¿Sabe ese manual que padres y madres de primer viaje tanto quieren para lidiar con ciertos dilemas de sus hijos? Pues es … no tiene. Cada niño se desarrolla de una manera, con sus particularidades y personalidad.

Pero a lo largo de este proceso de desarrollo existen algunos hitos que hacen que los niños tengan ciertos comportamientos y acciones similares. Como la llamada adolescencia del niño, o terrible two, por ejemplo, fase en que el niño empieza a comprender que tiene voluntad propia y empieza a cuestionar padres o cuidadores.

Al igual que los terrible two, hay otros comportamientos o fases comunes entre muchos niños. Ver cuáles son y qué hacer con cada uno de ellos.

Llorar hasta conseguir (o no) lo que quiere

El llanto es una expresión esencial del ser humano. Cuando nacemos expresamos insatisfacción, tristeza, dolor, hambre, etc por medio del llanto. Esta es una herramienta de comunicación muy eficaz y, por lo tanto, es usada con bastante frecuencia por los niños. Con pocos recursos lingüísticos, les queda el llanto para expresar una gran insatisfacción, por ejemplo. Y ahí viene la parte complicada, cuando atender al llanto?

La situación es un factor determinante para que usted tenga esa respuesta. Primero vale entender el origen del llanto. ¿Es hambre, frío, cansancio, mañana? Después viene la conversación, para los niños mayores, claro. Bajar hasta la altura del niño para abrazarla, haciendo que ella se siente acogida en ese momento es una cosa; dar lo que ella quiere es otra cosa. Usted puede cariñosamente negar la petición del niño y explicar el motivo, por ejemplo. Ella continuará llorando? Puede ser que sí, pero eso no quiere decir que ella está en sufrimiento, sino que está frustrada con la situación.

Rechazar cualquier cosa que usted diga

Puede ser una petición, un consejo o incluso un orden mismo, allí está el “no” esperando. Tal vez usted no sepa, pero los niños pasan por la llamada fase del no. Ella puede comenzar alrededor de los 18 meses y es parte del desarrollo de la personalidad del niño que comienza a reconocerse como una persona y quiere mostrar que tiene sus opiniones y voluntades. Además, ella pasó un temprano oyendo de todos los adultos varios “no” y aprendió que esa palabra tiene poder y ahora quiere usarla también.

Huelga de hambre

Ok, la palabra huelga se aplica a pocos niños, la mayoría de las veces lo que hacen es negar la mayor parte de los alimentos que usted ofrece y ser extremadamente cuidadosos sobre lo que comer. Esta es una negación de difícil negociación y cada familia acaba creando sus acuerdos para hacer que el niño se alimente de la mejor forma posible.

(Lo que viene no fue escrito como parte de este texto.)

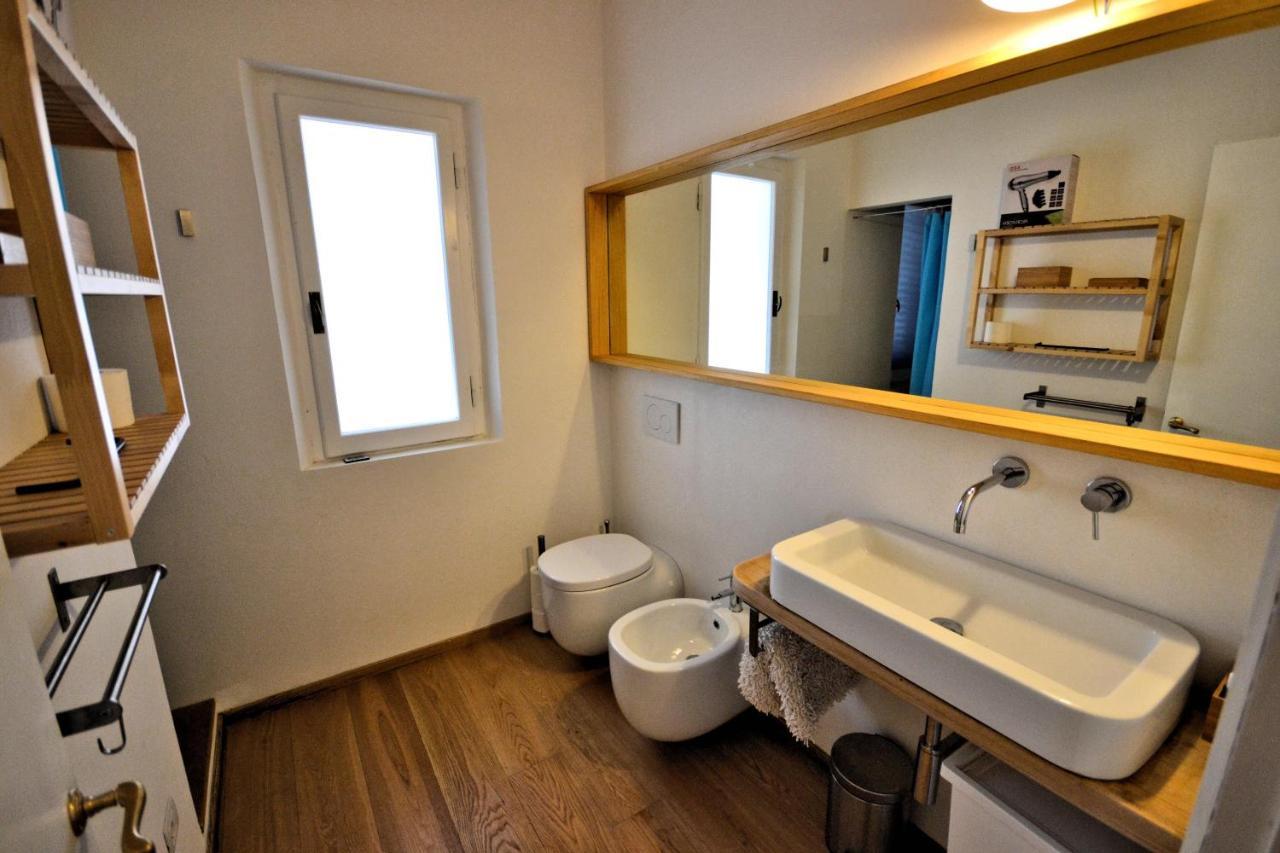 Villa Montecristo Marina di Campo Dış mekan fotoğraf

Es que esta negación no tiene que ver sólo con el alimento, es otra forma que el niño tiene para reafirmarse como un ser independiente de los padres. En esas horas vale una negociación del tipo: tenemos zanahoria o coliflor, cuál de los dos usted va a comer? Dar dos opciones para el niño es una forma de facilitar la elección de ella, mucho mejor que “lo que quieres comer?”; además de usted todavía estar en el control de la situación, pero dejando que ella también exprese su opinión.

Fugir del baño

Cuando era bebé amaba la hora del baño, se sentía más tranquilo y adoraba quedarse allí jugando con el agua. Pero, a medida que se estaba haciendo más viejo, ese momento se convirtió en un terror en la casa. Piense bien, el niño se está divirtiendo con sus juguetes preferidos, canciones, dibujos, entre personas que le gusta y ahí tiene que parar todo para bañarse. Es realmente aburrido. Por eso una de las tácticas más usadas es transformar el momento del baño y una broma para el niño. Con juguetes que le gusten, los libros de goma o incluso con una historia de hacer de cuenta, en la que tiene que ir al fondo del mar para una misión, por ejemplo.

Sin sueño

Es claro que los niños tienen sueño, para desarrollarse plenamente deben, incluso, dormir más horas que los adultos. Pero aquí sucede algo parecido a la hora del baño, los niños están en medio de una broma, con el cerebro programado para quedarse en alerta, y ahí viene el mando externo: ya a la cama.

Por más cansados ​​que estén, no será fácil dormir porque la cabeza todavía está conectada con la actividad anterior. Y ahí viene el llanto (de los dos lados), la irritación, las manchas … Y es por eso que la rutina impera cuando el asunto es niño, la hora del sueño debe comenzar antes de que el niño se vaya a la cama. Elegir actividades más tranquilas y con muy poco estímulo por lo menos una hora antes de colocarlas en la cama. Vaya dejando el ambiente más propicio para eso también, con menos luces encendidas y con menos ruidos. Sin embargo, ella querrá coger batallas para no dormir, pero el día a día será más fácil.